• _Aim of the exercise_
A faithful copy of the data below is required, leaving out every picture.

── Data to examine ──

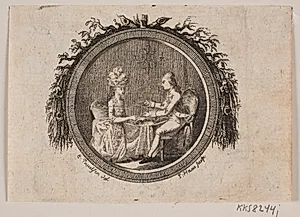 Vignet til Samuel Richardson "Sir Carl Grandisons Historie"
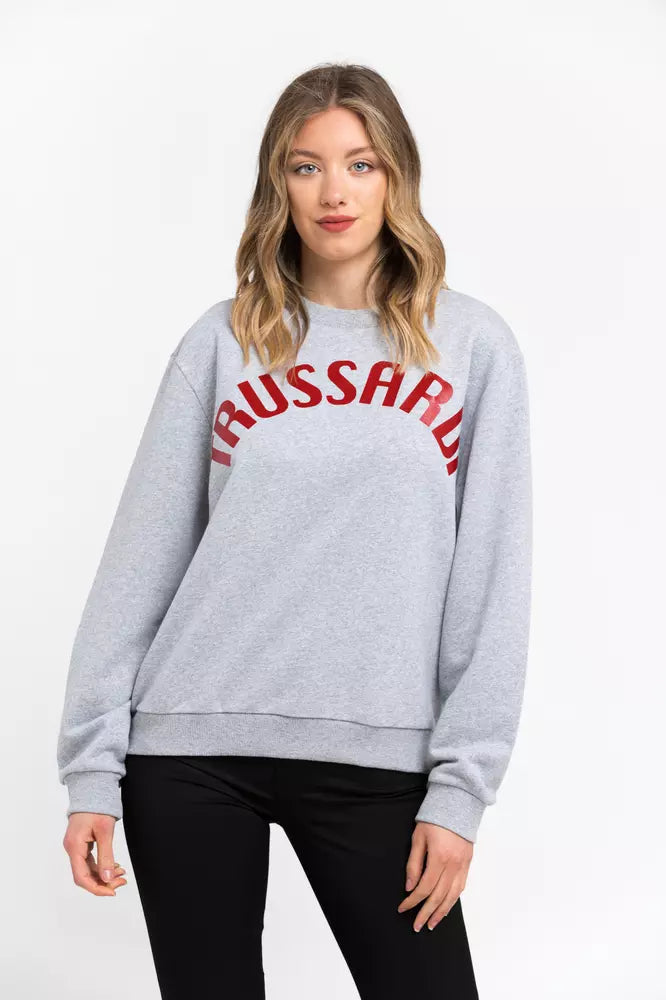 Trussardi  Cotton Women's Sweater Women's Work Outfit For The Office Women's Work Outfit For The Office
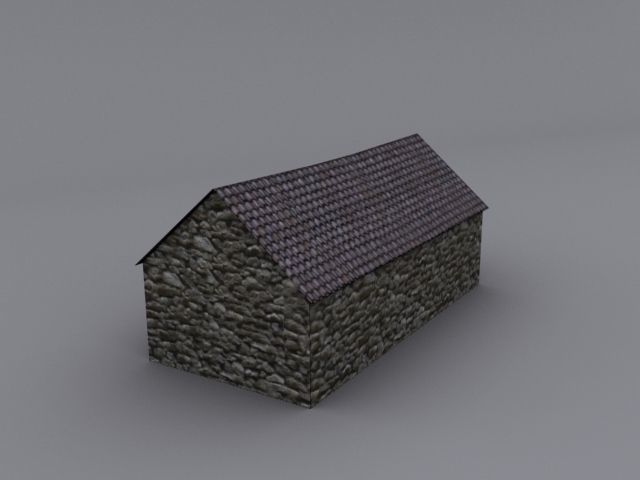 Derelict buildings Low-poly 3D model_5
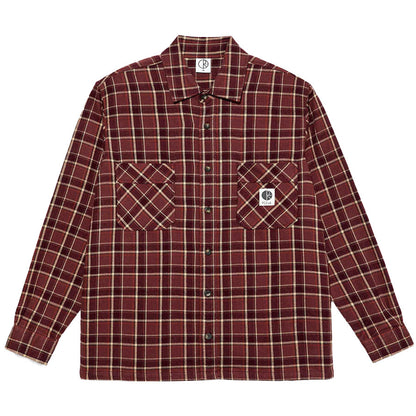 Polar Mike Long Sleeve Flannel Oxblood Check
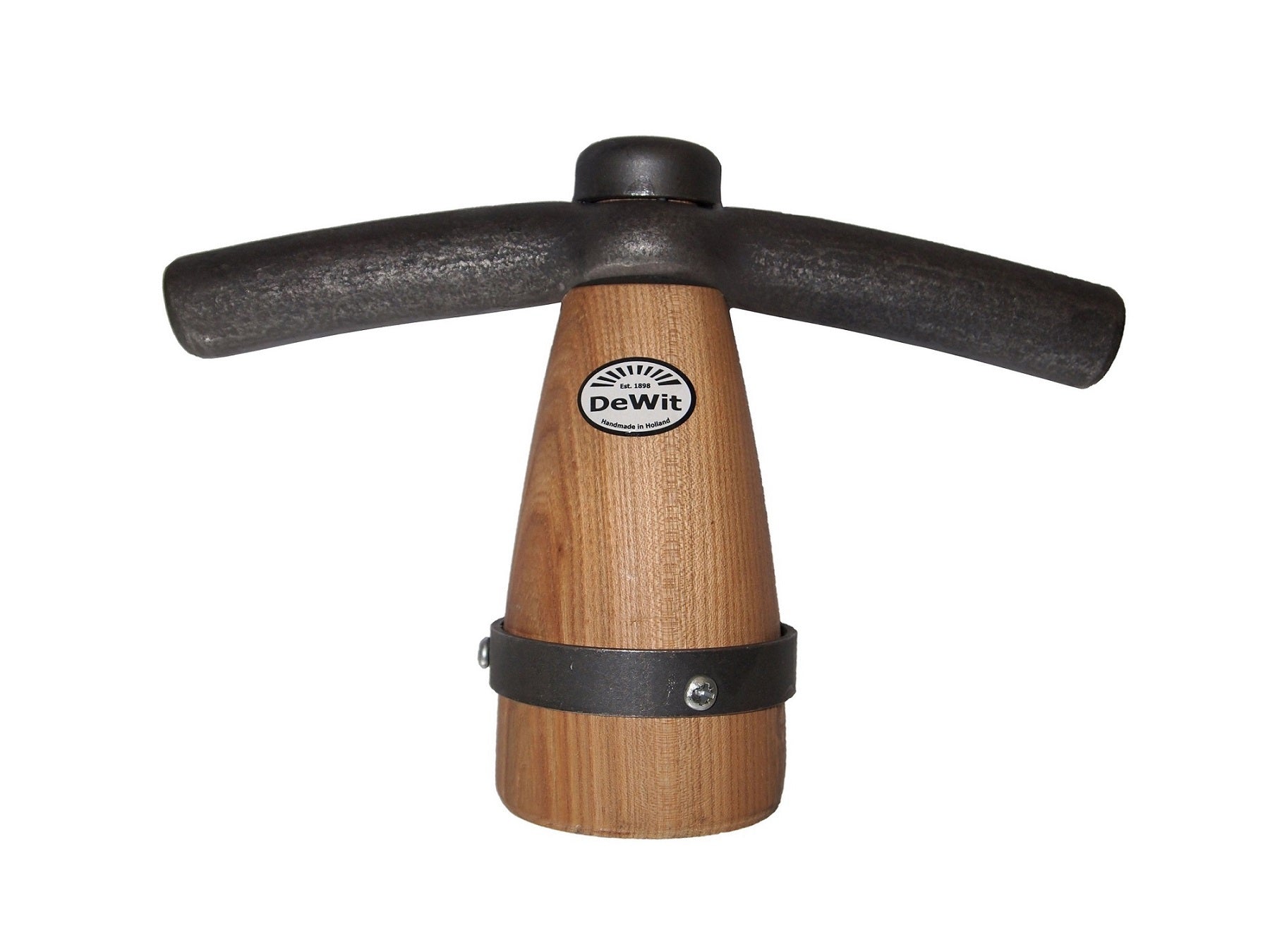 Le batteur à carrelage blanc bobine en bois déblanchit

───

• _Your response_
 Vignet til Samuel Richardson "Sir Carl Grandisons Historie"
 Trussardi  Cotton Women's Sweater Women's Work Outfit For The Office Women's Work Outfit For The Office
 Derelict buildings Low-poly 3D model_5
 Polar Mike Long Sleeve Flannel Oxblood Check
 Le batteur à carrelage blanc bobine en bois déblanchit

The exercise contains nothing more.